Yes, this is probably a stupid question but...

From: Pat <pat.casey_at_service-now.com>
Date: Sat, 12 Apr 2008 14:55:20 -0700 (PDT)
Message-ID: <0653963d-1d32-4e85-9bae-55e038b9eb45@f63g2000hsf.googlegroups.com>

We have an application that stores operational data as a single master table and a set of child tables. Based on the class of data, a different child table gets joined in e.g.

master inner_join pets -> gives us pet data master inner_join cars -> gives us car data

It works reasonably well, and it makes the developer's lives easier.

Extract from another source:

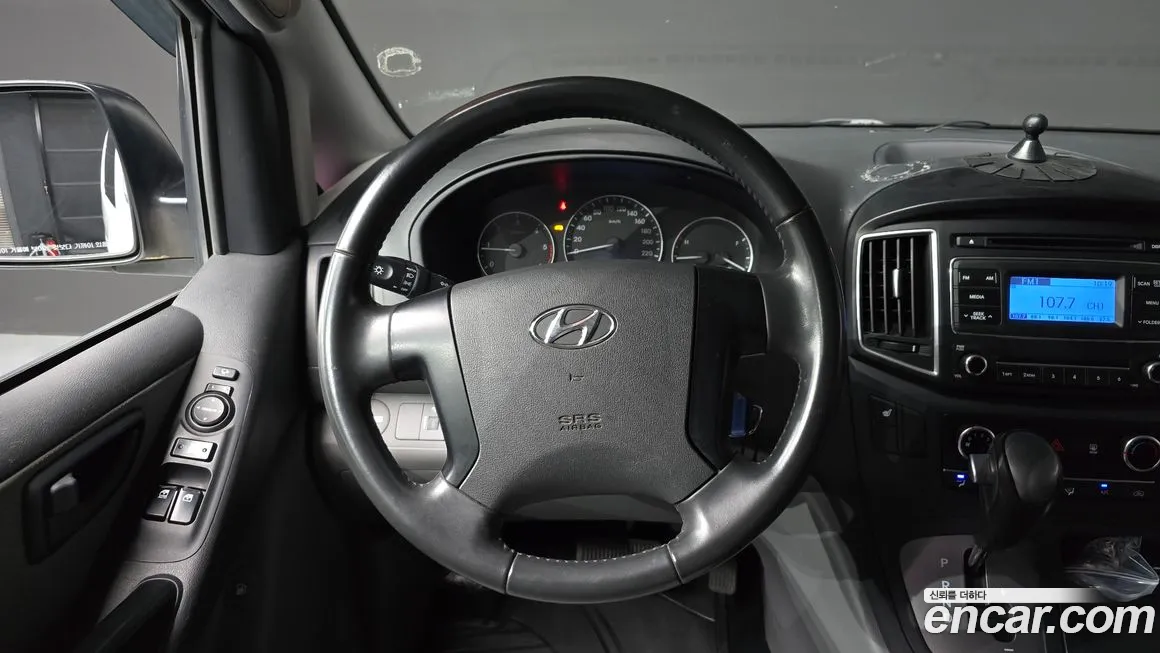 Hyundai The New Grand Starex 2018 Белый из Кореи, фото 4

Normally the working set of records is quite small as well e.g. < 1k records at a time so the actual queries being issued are something like:

select <some fields> from a inner join b on a .sys_id = b.sys_id where a.<some indexed column> = <some fairly selective criteria>

There's one part of the application though that computes counts via the not terribly complex:

select count(*) from a inner join b on a sys_id = b.syss_id where a.<some indexed column> = <some selective criteria>

Recently though we've had some customers with some unusual data shape such that the particular count query (above) is joining 200k records or so together to implement the count.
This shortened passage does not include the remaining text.